Mr Coveney said: "There is so much still to happen in Westminster in the next few days before it becomes clear what Britain is asking for.
"It's hard for us as EU leaders to respond in a helpful way if we still don't know what they are asking for.
"We need to hold our nerve this week. There's a motion of no confidence today, I believe that will be lost, and my understanding is that the Prime Minister's intention then is to try and reach across parties to try and find a way of getting a majority in Westminster to support a new approach.
"When we understand what that new approach is, which we get next Monday, we'll try and respond in a helpful way."
Mr Coveney noted that the Withdrawal Agreement was signed by 28 governments including Britain.
"I don't think the EU is in any mood to change the Withdrawal Agreement significantly at all," he added.
"We don't even know what the ask is, we'll have to wait and see what they're asking for.
"Those who have rejected the backstop do not have alternative solutions in terms of how we provide reassurance (on the border)."
He added: "If there isn't a future relationship that resolves the border issue, then the backstop will kick in which involves minimal checks on goods moving from Great Britain into Northern Ireland.
"The position is we support the backstop. The Irish Government have made very clear that we are not going to start talking about alternatives to the backstop. It took us two years to negotiate an approach that can provide the guarantees that we have given to people.
"We're not going to allow physical border infrastructure to reappear."
Sinn Fein's finance spokesperson Pearse Doherty called on the Government and the EU to stay firm in relation to the backstop, adding "what we need to be very, very clear about is that there is no good outcome to Brexit."
He said that the backstop is the "only way we can mitigate the damages of Brexit and there cannot be any diminution of the Irish backstop in relation to any talks or negotiations that will happen.
"If the British want to leave the EU, then so be it. But they need to ensure that the Irish people, the Irish economy and the Good Friday Agreement is protected, and the best way of doing that is making sure the backstop is part of any withdrawal agreement."
Meanwhile, the DUP's Brexit spokesperson he did not fear a no deal Brexit and did not think Theresa May had room for manoeuvre on extending Article 50 because she would face an even bigger revolt.
He also defended comments made yesterday by his party leader Arlene Foster that there had never been a hard border on the island of Ireland.
He said the prime minister had made it clear that the UK was leaving the EU on 29 March and she was not bringing forward legislation to change that date.

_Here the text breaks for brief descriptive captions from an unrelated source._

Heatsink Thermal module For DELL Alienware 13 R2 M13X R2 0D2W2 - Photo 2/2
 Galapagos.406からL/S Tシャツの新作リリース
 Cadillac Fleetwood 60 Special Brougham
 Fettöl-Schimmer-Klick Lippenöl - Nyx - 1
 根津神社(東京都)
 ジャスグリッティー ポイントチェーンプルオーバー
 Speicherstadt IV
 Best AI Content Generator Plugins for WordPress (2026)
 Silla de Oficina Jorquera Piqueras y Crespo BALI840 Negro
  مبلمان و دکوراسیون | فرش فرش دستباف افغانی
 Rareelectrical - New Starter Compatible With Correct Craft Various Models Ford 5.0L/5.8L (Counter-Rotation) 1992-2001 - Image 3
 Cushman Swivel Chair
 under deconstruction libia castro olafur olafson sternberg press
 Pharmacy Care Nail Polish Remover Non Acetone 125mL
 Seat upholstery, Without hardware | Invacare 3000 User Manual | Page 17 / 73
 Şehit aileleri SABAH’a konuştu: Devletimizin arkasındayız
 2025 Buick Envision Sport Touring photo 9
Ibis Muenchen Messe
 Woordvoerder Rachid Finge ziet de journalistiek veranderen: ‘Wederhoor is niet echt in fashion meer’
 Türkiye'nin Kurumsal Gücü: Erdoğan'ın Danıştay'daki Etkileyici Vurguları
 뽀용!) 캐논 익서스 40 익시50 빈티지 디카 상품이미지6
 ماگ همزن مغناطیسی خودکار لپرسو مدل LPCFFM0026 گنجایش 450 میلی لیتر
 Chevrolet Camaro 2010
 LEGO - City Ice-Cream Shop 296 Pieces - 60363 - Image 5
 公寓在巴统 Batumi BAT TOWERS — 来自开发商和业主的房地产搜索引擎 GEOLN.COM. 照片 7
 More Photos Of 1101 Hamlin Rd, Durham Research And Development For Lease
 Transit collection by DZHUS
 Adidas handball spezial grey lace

Former Northern Ireland secretary Theresa Villiers said Mrs May had to engage with EU leaders and to explain that the Westminster parliament had shown very clearly that the Brexit deal was not acceptable and that it is acceptably dead in its current form and needed to be significantly changed.
Speaking on the same programme, she said she did not believe that the backstop to prevent a hard border in Ireland after Brexit was necessary.
Ms Villiers said: "It's clear to me that we can maintain a free-flowing, invisible border on the island of Ireland without the compromises of the backstop.
"I and my colleagues in the European Research Group put forward proposals back in September that demonstrate that you can use existing flexibilities in the EU customs code, existing administrative procedures of technology to ensure that new customs and compliance checks are done away from the border so they don't require new physical infrastructure at the border."
Ms Villiers said it was in the interests of both sides that there was an orderly exit, but it was hard to say yet whether that will be achieved before 29 March or afterwards.